Education founded on humanism or relativism or anything apart from the God of the universe is like a house built on sand—it simply cannot stand. Because we teach all subjects as an integrated whole with the Scriptures at the center, we have a standard by which we can measure all things. Because we believe in the absolute truth of Scripture, we can discern between truth, beauty, and goodness on the one hand and the counterfeit offered by the world on the other. Not only does this way of thinking give us the freedom and the filter to read men such as Rousseau and Hitler, but it spills over into our every action and causes us to desire a culture of truth, beauty, and goodness around us.
This is exactly the culture we seek to create at Trinitas, a culture based on grace and charity toward one another as we live in community together, breathing each other’s air and bearing each other’s burdens. It plays out every day in these classrooms and in these halls. It spills out onto the playground and the athletic fields. You see it in students encouraging one another to lift their voices in song during morning meeting; in spontaneous Psalm-singing in the halls between classes; in a boy helping his classmate pick up her spilled Latin card box; in a sixth-grade girl helping a kindergartner microwave his lunch; and in the captain of the volleyball team telling a player not to worry about a shot she missed. Now you, yourselves, know how these scenes I’ve just mentioned might have been different in a government school, but I dare not draw a direct comparison—this is the part that should be self-explanatory. So when you consider what happens here as compared to what might happen elsewhere, it becomes obvious that the why we teach creates a culture at Trinitas that is distinctly different, distinctly Christ-centered. And this difference comes not from any good in us, but by the grace of God as we seek to honor Him in what we are doing here.
So there you have it: Trinitas is distinctly different in our classical pedagogy, in our classical content, and in our Christ-centered instruction; and all of these things contribute to our distinctly different Christ-centered culture. But we don’t set out to be different so that we can have something to say on our billboards and yard signs. Nor do we set out to be different just so that we can maintain peace in this building or order in the classroom; though, those things are valuable too. We set out to be different because as Christians God has called us to something different.

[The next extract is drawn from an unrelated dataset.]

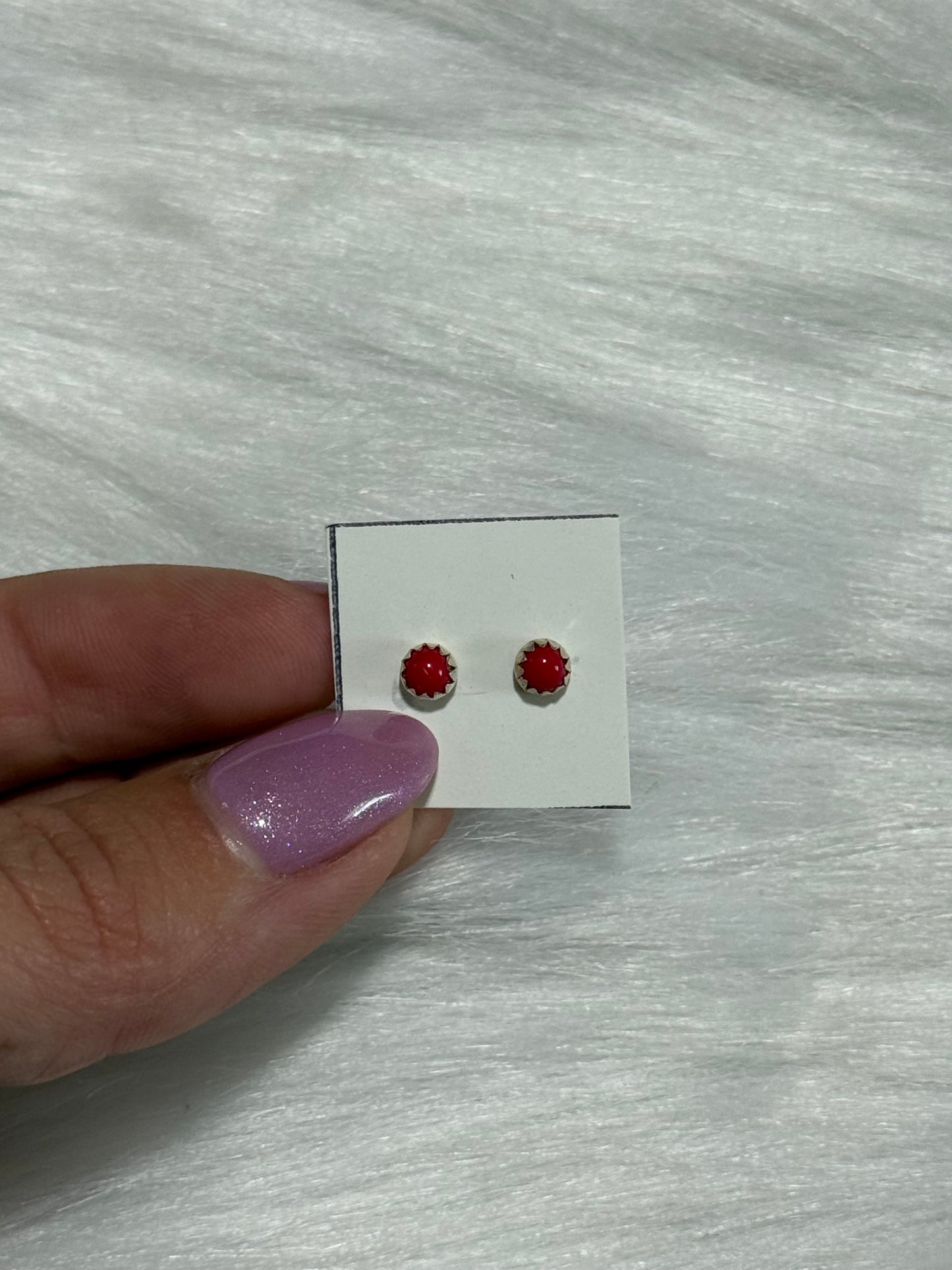Red coral earrings Navajo made by Linda Yazzie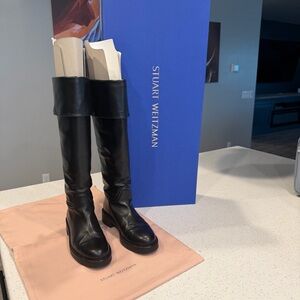 Stuart Weitzman Black Leather Knee-High Boots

We cultivate that very Christian, that very different culture here, not so that we can keep it all locked up in this building, but so that we can release it into the world like salt and light or like flowers that, though they may be hidden, bring a sweet aroma wherever they are placed. Our hope is that this place would turn inside out at the end of every school day and that this distinctly different, distinctly Christian culture would spill out into the world, making it a sweeter place to be. What should you look for in a Christian school? Pedagogy, content, and culture that don’t just win the school for Christ, but win the world for Christ.